The scope of this work was to evaluate the autoregressive integrated moving average (ARIMA) model as a frost forecast model for South Tyrol in Italy using weather data of the past 20 years that were recorded by 150 weather stations located in this region. Accurate frost forecasting should provide growers with the opportunity to prepare for frost events in order to avoid frost damage. The radiation frost in South Tyrol occurs during the so-called frost period, i.e. in the months of March, April and May during calm nights between sunset and sunrise. In case of a frost event, the farmers should immediately switch on water sprinklers. The ice cover that builds on the trees protects the buds and blossoms from damage. Based on the analysis of time series data, the linear regression (LR) and ARIMA models were compared and evaluated. The best result was achieved by the ARIMA model, with the optimal value of 1.0 for recall in case of forecast of 95% confidence intervals. This means that all frost cases could be correctly predicted. Despite the encouraging results for recall, the rate of false positives with a sensitivity of 21% is too high, such that further investigations are desirable (e.g. testing VARIMA models, which are a multivariate extension of ARIMA models). The graphical illustration of the 95% confidence intervals of the ARIMA model forecast and the linear models forecast should be helpful in frost prediction and could be integrated in the electronic monitoring system that permits forecasting of frost weather phenomena.
Accurate frost forecasting should provide growers in South Tyrol with the opportunity to prepare for frost events in order to avoid frost damage. The higher the level of forecast accuracy, the lower the risk of frost damage. Damage to apple orchards brought by freezing night temperatures can cause high crop yield losses to the growers. The critical periods for frost damage in apple orchards are the months of spring: March, April and May. The radiation frost occurs during clear nights with little or no wind after sunset and lasts until after sunrise.

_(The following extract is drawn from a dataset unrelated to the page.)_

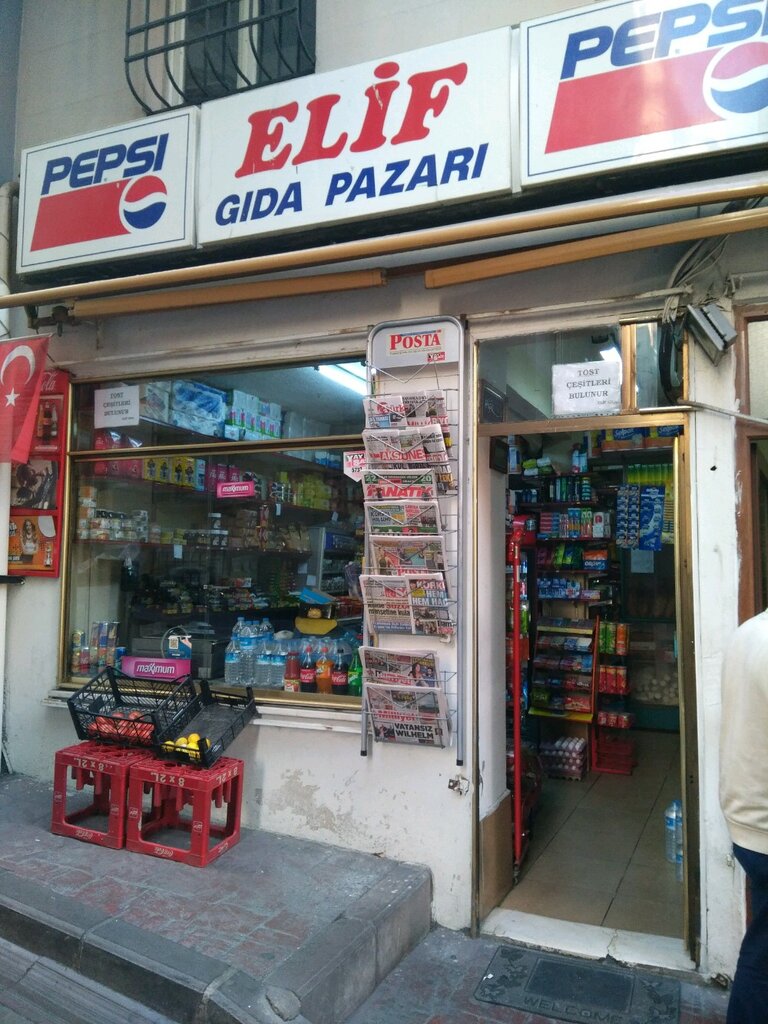 Market Elif Gıda Pazarı, Beyoğlu, foto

Overplant conventional sprinklers are widely used in South Tyrol as effective frost protection method for apple orchards. The ice cover prevents the temperature of the protected plant from falling below the freezing point. Sprinkling must start with the onset of the critical temperature and be maintained until the temperature rises above 0° C. This work describes frost prediction in apple orchards based upon a non-seasonal autoregressive integrated moving average (ARIMA) model and three different linear (LR) models.
The general autoregressive moving average (ARMA) model was described first in 1951 by Peter Whittle in his thesis “Hypothesis testing in time series analysis”. The ARIMA model is a generalization of the ARMA model. Nowadays, it is widely used in time series analysis. However, there exists only little literature about frost forecasting with ARIMA.
In Castellanos et al. (2009), the authors used the ARIMA model to forecast the minimum monthly absolute temperature and the average monthly minimum temperature following the Box and Jenkins methodology.
Another interesting research project about frost forecasting of minimum temperature in the Alpine area is described by Eccel et al. (2008). In this work, a simple LR model, a random forest (RF) model and a neural network (NN) model were compared and evaluated. The results achieved by RF were slightly superior to those of other methods. The LR model for frost forecasting was introduced and implemented by Snyder et al. (2005).
The weather database holds data from about 150 weather stations, which have been operating since 1993. The weather stations are distributed in apple orchards at an elevation between 200 and 1,100 m.a.s.l.
Currently, the database continues to receive data every 5 min via radio waves or GPRS. The measurements include atmospheric conditions, air and soil temperature, relative air humidity, soil humidity at a depth of 10, 30 and 50 cm, wind speed and direction, precipitation amounts and the relative humidity at leaf surfaces. Moreover, the database contains information of the geographic coordinates of each station (latitude, longitude and altitude).
The historical climate patterns of the past 20 years stored in the weather database can serve as indicator of the climate for future time points. Based on the measurements of the past years, we calculated the forecast of frost weather phenomena and compared the prediction against the observed temperature in order to evaluate the results.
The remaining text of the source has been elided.